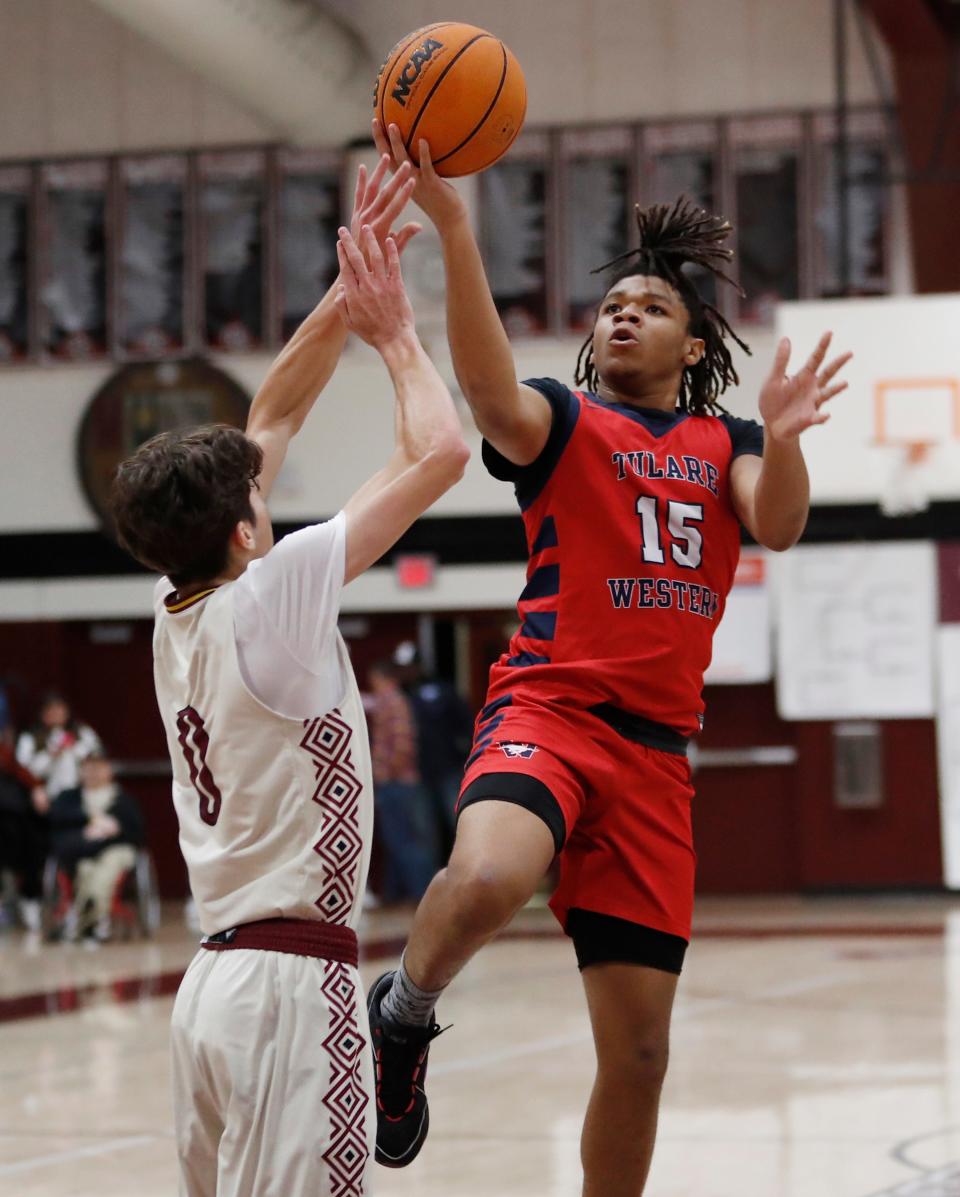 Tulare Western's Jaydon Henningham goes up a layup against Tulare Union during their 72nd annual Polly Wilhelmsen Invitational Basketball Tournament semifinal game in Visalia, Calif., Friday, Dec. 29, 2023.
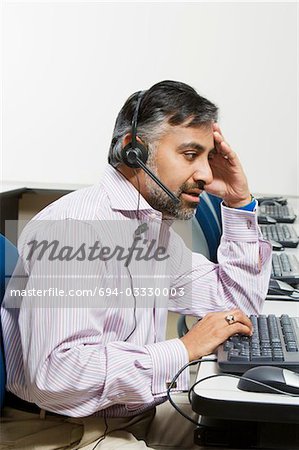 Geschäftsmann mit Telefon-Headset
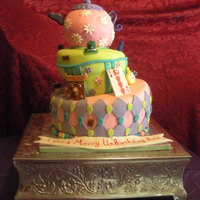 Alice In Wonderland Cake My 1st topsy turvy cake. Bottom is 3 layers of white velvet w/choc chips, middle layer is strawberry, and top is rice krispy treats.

* * *

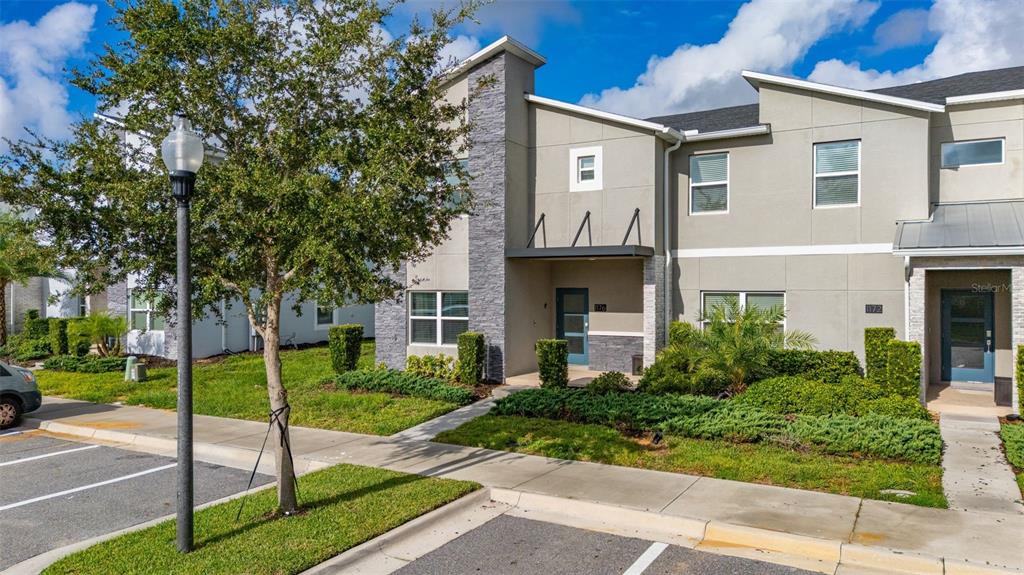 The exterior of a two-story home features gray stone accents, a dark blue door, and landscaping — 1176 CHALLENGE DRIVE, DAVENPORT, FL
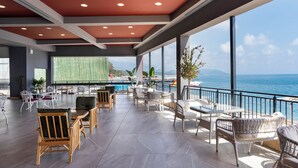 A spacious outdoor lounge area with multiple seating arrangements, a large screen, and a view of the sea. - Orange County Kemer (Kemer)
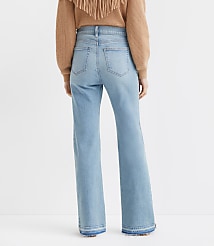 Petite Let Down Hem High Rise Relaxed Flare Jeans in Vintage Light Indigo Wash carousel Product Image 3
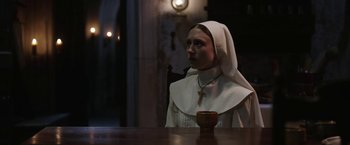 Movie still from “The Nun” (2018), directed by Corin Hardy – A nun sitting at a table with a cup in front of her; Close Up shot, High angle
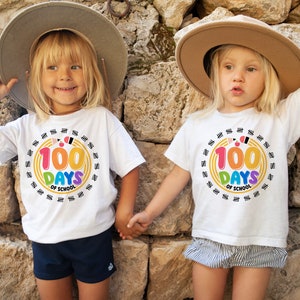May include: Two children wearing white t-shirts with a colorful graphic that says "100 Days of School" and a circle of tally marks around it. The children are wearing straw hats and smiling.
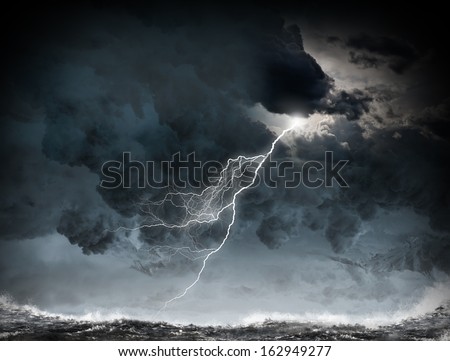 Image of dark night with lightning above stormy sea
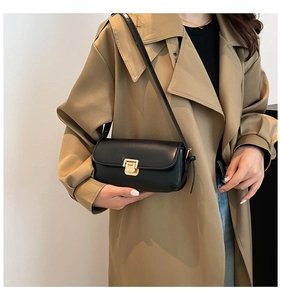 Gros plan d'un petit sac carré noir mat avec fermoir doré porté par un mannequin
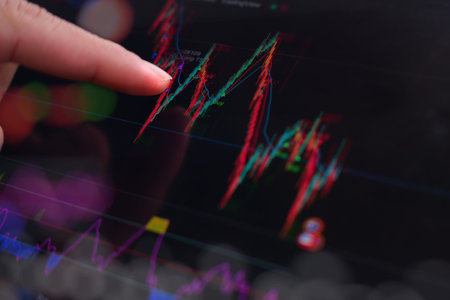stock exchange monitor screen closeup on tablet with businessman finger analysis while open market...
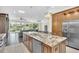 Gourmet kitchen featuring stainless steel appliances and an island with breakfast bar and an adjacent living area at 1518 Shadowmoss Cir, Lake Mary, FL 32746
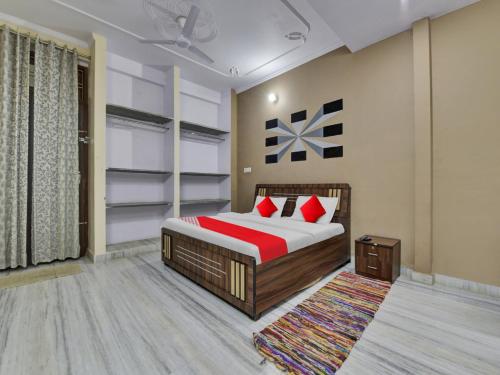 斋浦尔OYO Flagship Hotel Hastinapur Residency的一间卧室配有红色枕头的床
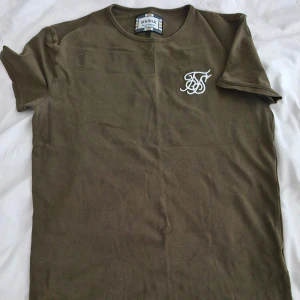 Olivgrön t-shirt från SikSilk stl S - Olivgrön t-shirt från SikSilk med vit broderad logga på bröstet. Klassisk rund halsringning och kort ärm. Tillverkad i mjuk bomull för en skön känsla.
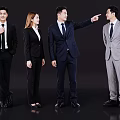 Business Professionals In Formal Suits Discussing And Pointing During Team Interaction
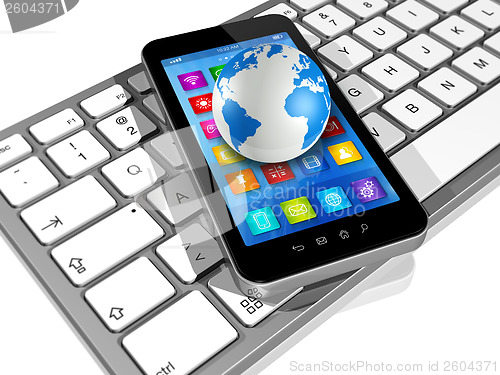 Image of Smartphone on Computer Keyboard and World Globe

• **TASK**:
Using the entries above, reproduce word for word only the lines from the one that contains "stock exchange monitor" to the one that contains "Gourmet kitchen featuring", both ends included, and drop every picture.

• **EXERCISE SOLUTION**:
stock exchange monitor screen closeup on tablet with businessman finger analysis while open market...
 Gourmet kitchen featuring stainless steel appliances and an island with breakfast bar and an adjacent living area at 1518 Shadowmoss Cir, Lake Mary, FL 32746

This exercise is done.